* _What to do_
Give the listing again, word for word, and let no picture into it.

### Provided material ###

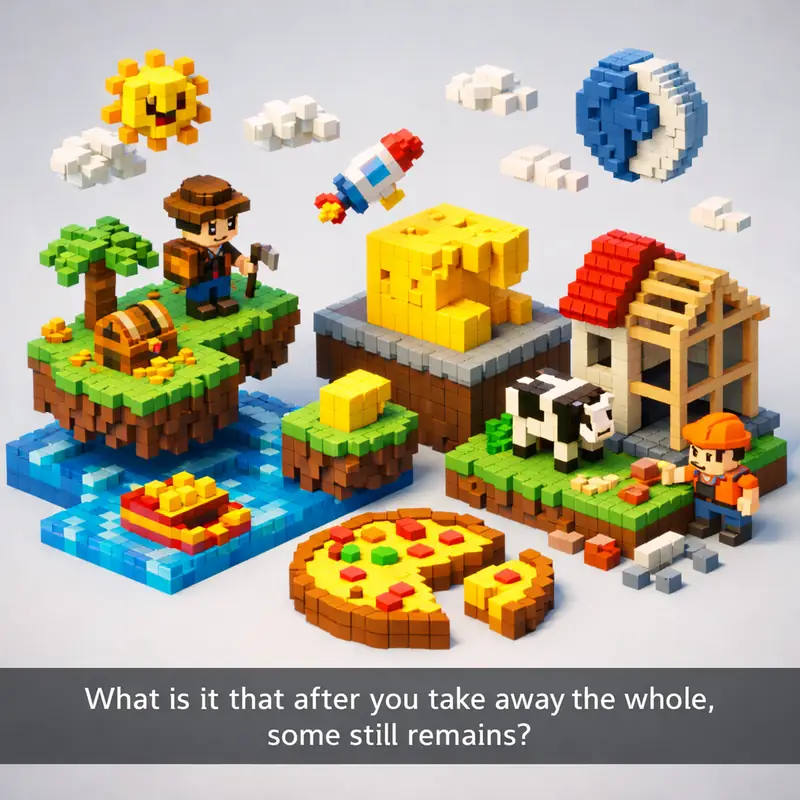 Illustration for riddle: What is it that after you take away the whole, some still remains?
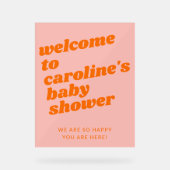 Baby shower moderne rose orange rétro Accueil (Recto)
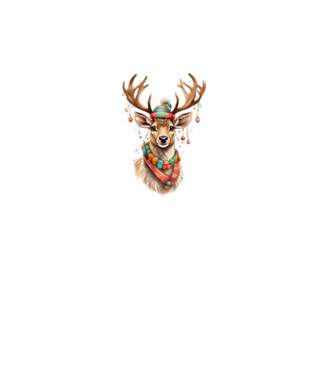 Festive Reindeer model alb pe tricou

###

* _Reply_
 Illustration for riddle: What is it that after you take away the whole, some still remains?
 Baby shower moderne rose orange rétro Accueil (Recto)
 Festive Reindeer model alb pe tricou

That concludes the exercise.